Neo-muhafazakâr entelektüeller ilk kez 1998’de, Başkan Bill Clinton’a yazdıkları açık mektupla kamuoyu önüne çıktılar ve bu tarihten sonra Amerikan siyasetine dönük toplu değerlendirmeler yapmaya başladılar. İki dönem üst üste iktidar olan Demokrat Parti’nin uyguladığı dış politikayı eleştiren neo-muhafazakârlara cesaret veren en önemli unsur, 1994 yılı seçimlerinde Cumhuriyetçi Partinin kendisini “Amerikan muhafazakâr hareketi”nin temsilcisi olarak sunmasıydı. 1997 yılında kurulan PNAC (Yeni Amerikan Yüzyılı Projesi) neo-muhafazakâr entelektüeller ile sağcı politikacıların buluşma noktasıydı. Soğuk Savaş’ın bitmesinin ardından ABD’nin kendisini savunma gücünün giderek azaldığını, bunun Amerika’nın dünya liderliği konumunu sarsacağını ve bütün dünyanın kaosa sürükleneceğini söyleyen neo-muhafazakâr entelektüeller somut olarak Irak’ın işgal edilmesini ve İsrail’e destek verilmesini salık verdiler. George W. Bush’un başkan seçilmesi ile birlikte, Bill Clinton’a yazılan açık mektuba imza atan 17 kişiden 10’u Pentagon ve Beyaz Saray’da üst düzey görevlere geldi. 11 Eylül ile birlikte siyasî söylemlerini oturtabilecekleri bir zemin bulduklarını düşünen neo-muhafazakâr entelektüeller, ABD’yi müşfik ancak kararlı bir dünya devleti olarak resmeden onlarca kitaba imza attılar.
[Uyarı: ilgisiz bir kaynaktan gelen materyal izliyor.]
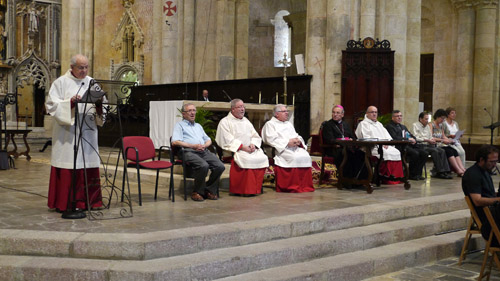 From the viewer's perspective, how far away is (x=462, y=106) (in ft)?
54.3

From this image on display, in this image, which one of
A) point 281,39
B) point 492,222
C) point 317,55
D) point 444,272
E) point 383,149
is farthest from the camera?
point 281,39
Bugün Amerikalı liberal ve yeni sol entelektüeller neo-muhafazakârlara son derece sert eleştiriler yöneltiyorlar. Bu eleştirilerin ortak noktası, mevcut dış politikaya yön veren neo-muhafazakârları birbirleri ile yakın ilişki içerisindeki bir avuç seçkin, uygulanan emperyalist/yayılmacı politikaları da, Amerikan tarihindeki bir kırılma olarak okumaları. Neo-muhafazakârların örgütlü bir hareket olduğu, birbirleri ile çok yakın dinî, ailevî bağları olan insanlardan müteşekkil bulunduğu apaçık bir gerçek. Ancak bu örgütlü kesimin savunduğu fikirler bugün, Amerikan politik aklını simgeler hale gelmiş durumdadır. Bu kesimin ortaya koyduğu dış politika vizyonu toplumsal desteği olan bir vizyondur ve bunun nedeni de Amerikan toplumunun “Amerikan istisnailiği”ne olan inancıdır. Bugün uygulanan ve neo-muhafazakâr entelektüellerin çerçevesini çizdikleri dış politikayı bir kırılma olarak değerlendirenler, ABD’nin 1. Dünya Savaşı ile birlikte yöneldiği ve ancak 2. Dünya Savaşı’ndan sonra uygulamaya koyduğu dünya devleti projesini görmezden gelmiş oluyorlar.